(DATA PROVIDED begins)

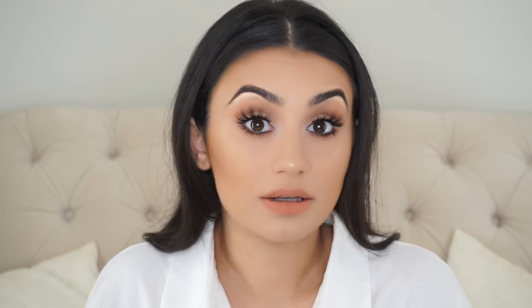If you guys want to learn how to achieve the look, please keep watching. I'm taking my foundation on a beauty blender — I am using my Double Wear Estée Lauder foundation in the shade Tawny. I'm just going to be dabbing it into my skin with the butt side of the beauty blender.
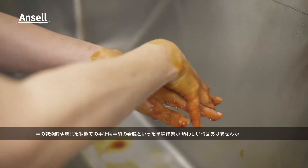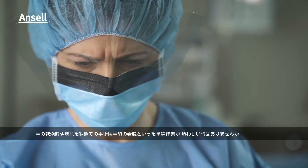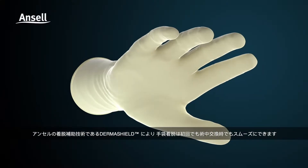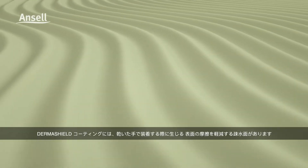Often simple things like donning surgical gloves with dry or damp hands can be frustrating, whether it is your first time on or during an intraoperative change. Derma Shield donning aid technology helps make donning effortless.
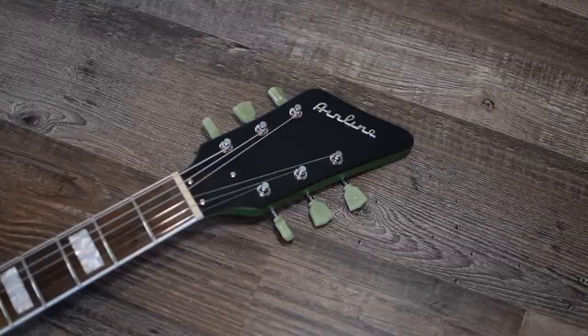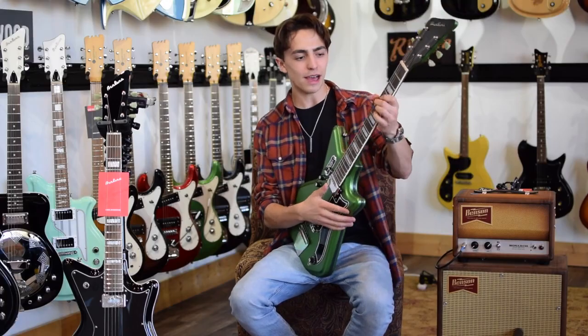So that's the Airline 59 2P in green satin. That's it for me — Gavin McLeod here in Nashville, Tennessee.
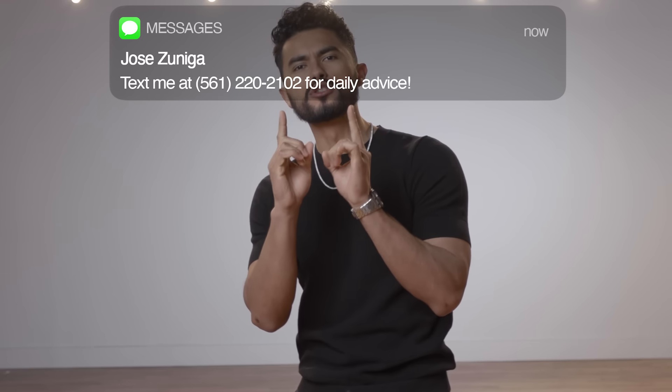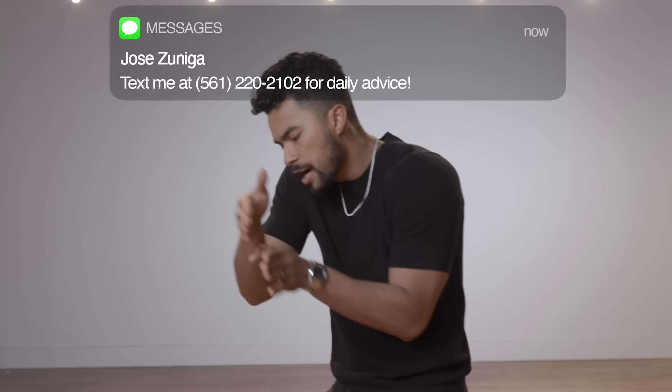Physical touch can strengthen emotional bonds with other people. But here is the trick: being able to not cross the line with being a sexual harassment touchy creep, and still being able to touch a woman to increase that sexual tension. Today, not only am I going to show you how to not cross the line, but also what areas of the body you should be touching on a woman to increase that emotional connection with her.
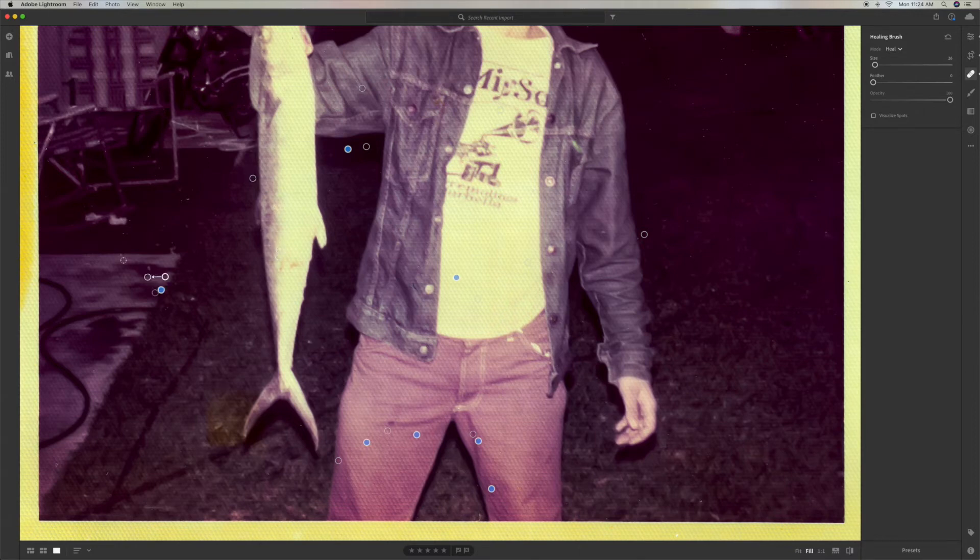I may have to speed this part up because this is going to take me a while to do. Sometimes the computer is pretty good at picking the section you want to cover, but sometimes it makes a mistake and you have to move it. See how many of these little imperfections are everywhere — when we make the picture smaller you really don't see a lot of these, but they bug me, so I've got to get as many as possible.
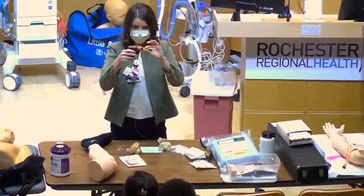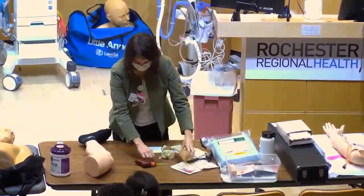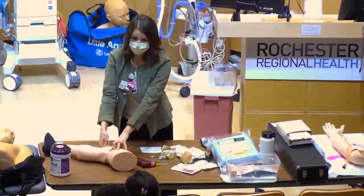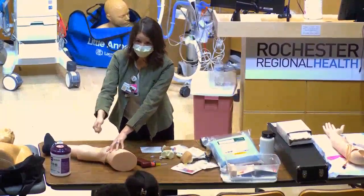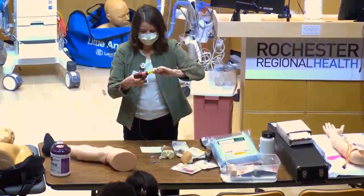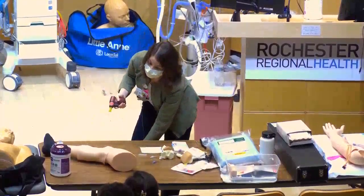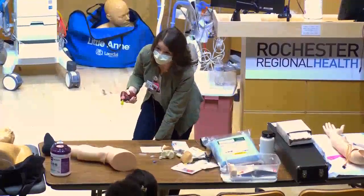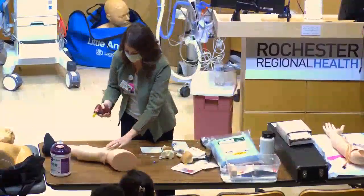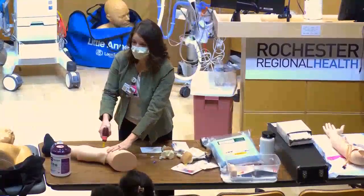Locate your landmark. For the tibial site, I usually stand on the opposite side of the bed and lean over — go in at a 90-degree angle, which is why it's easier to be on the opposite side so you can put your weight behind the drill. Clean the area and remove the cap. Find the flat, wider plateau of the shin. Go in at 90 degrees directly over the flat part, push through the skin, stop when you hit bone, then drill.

(DATA PROVIDED ends)

- [WHAT YOU ARE ASKED TO DO]: Without the pictures, print the records in full, exactly as they appear.

- [OUTPUT FOR THIS EXERCISE]:
If you guys want to learn how to achieve the look, please keep watching. I'm taking my foundation on a beauty blender — I am using my Double Wear Estée Lauder foundation in the shade Tawny. I'm just going to be dabbing it into my skin with the butt side of the beauty blender.
Often simple things like donning surgical gloves with dry or damp hands can be frustrating, whether it is your first time on or during an intraoperative change. Derma Shield donning aid technology helps make donning effortless.
So that's the Airline 59 2P in green satin. That's it for me — Gavin McLeod here in Nashville, Tennessee.
Physical touch can strengthen emotional bonds with other people. But here is the trick: being able to not cross the line with being a sexual harassment touchy creep, and still being able to touch a woman to increase that sexual tension. Today, not only am I going to show you how to not cross the line, but also what areas of the body you should be touching on a woman to increase that emotional connection with her.
I may have to speed this part up because this is going to take me a while to do. Sometimes the computer is pretty good at picking the section you want to cover, but sometimes it makes a mistake and you have to move it. See how many of these little imperfections are everywhere — when we make the picture smaller you really don't see a lot of these, but they bug me, so I've got to get as many as possible.
Locate your landmark. For the tibial site, I usually stand on the opposite side of the bed and lean over — go in at a 90-degree angle, which is why it's easier to be on the opposite side so you can put your weight behind the drill. Clean the area and remove the cap. Find the flat, wider plateau of the shin. Go in at 90 degrees directly over the flat part, push through the skin, stop when you hit bone, then drill.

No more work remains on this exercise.